Critics have been quick to accept the clarification but many continue to endorse army deputy chief Yair Golan's 'brave' statements
US Defence Secretary Ashton Carter (R) with Yair Golan (AFP)

The Israeli army deputy chief of staff Yair Golan has backtracked on comments that seemingly compared elements of modern Israel with Nazi Germany.

“I had no intention of making that comparison,” Golan said in a statement on Thursday morning.

In what the Israeli army described as a clarification, a spokesperson who read out the statement said the general "did not intend to compare the IDF [Israeli army] and Israel to what happened in Germany 70 years ago.

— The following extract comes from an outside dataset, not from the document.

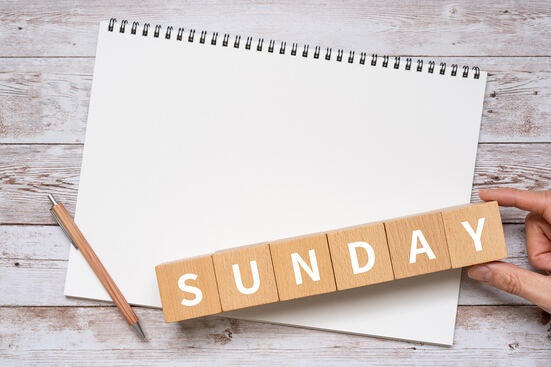 Foto mit einem leeren Kalenderblatt, einem Bleistift und dem Wort Sunday aus Holzklötzchenin Holz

Such a comparison would be absurd and baseless."

"The IDF is a moral army that respects purity of arms and human dignity,” the spokesperson said, adding there was no intention to criticise the “political echelons”.

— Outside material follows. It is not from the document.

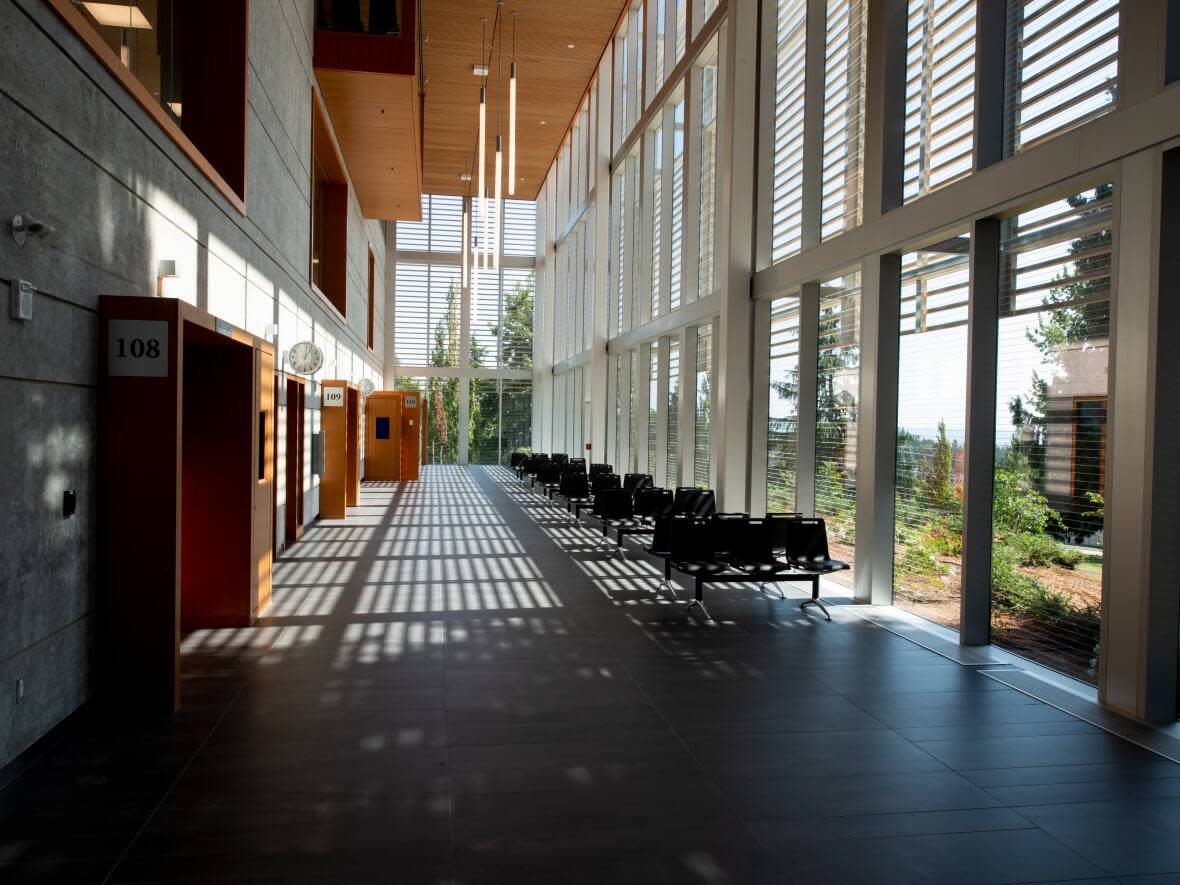 The hallway outside courtrooms in Surrey's provincial courthouse. A judge has sentenced an immigration lawyer to 22 months in jail for forging documents.  (Cliff MacArthur/provincialcourt.bc.ca - image credit)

Golan, who is the son of Holocaust survivors, made his controversial address on Wednesday evening, a day before Holocaust Remembrance Day.

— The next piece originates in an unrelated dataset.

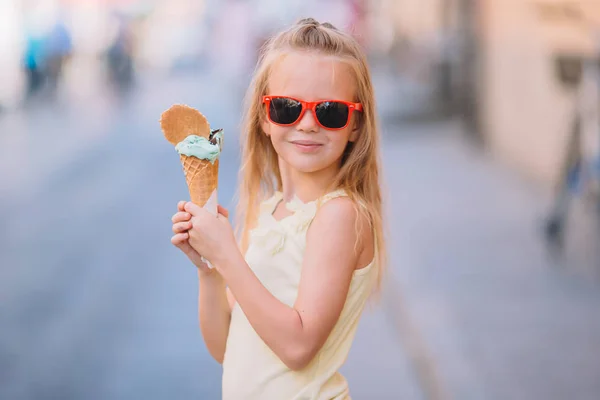 Очаровательная маленькая девочка ест мороженое на открытом воздухе летом . — стоковое фото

"If there's something that frightens me about Holocaust remembrance it's the recognition of the revolting processes that occurred in Europe in general, and particularly in Germany, back then – 70, 80 and 90 years ago – and finding signs of them here among us today in 2016,” he said.

The Holocaust "must make us think deeply about the responsibility of leadership, the quality of society, and it must lead us to fundamental thinking about how we, here and now, treat the stranger, the orphan and the widow, and all who are like them."

"There is nothing easier than hating the stranger, nothing easier than to stir fears and intimidate. There is nothing easier than to behave like an animal and to act sanctimoniously," he added.

Golan's apparent backtracking has gone some way to subdue critics. 

Justice Minister Ayelet Shaked, of the ultra-nationalist Jewish Home, said that she continued to believe that Golan must have been "confused". 

“The deputy IDF commander, in my opinion, was confused,” Shaked told Israel’s Army Radio on Thursday. “His words mainly indicate a lack of understanding, not to mention a contempt for the Holocaust.”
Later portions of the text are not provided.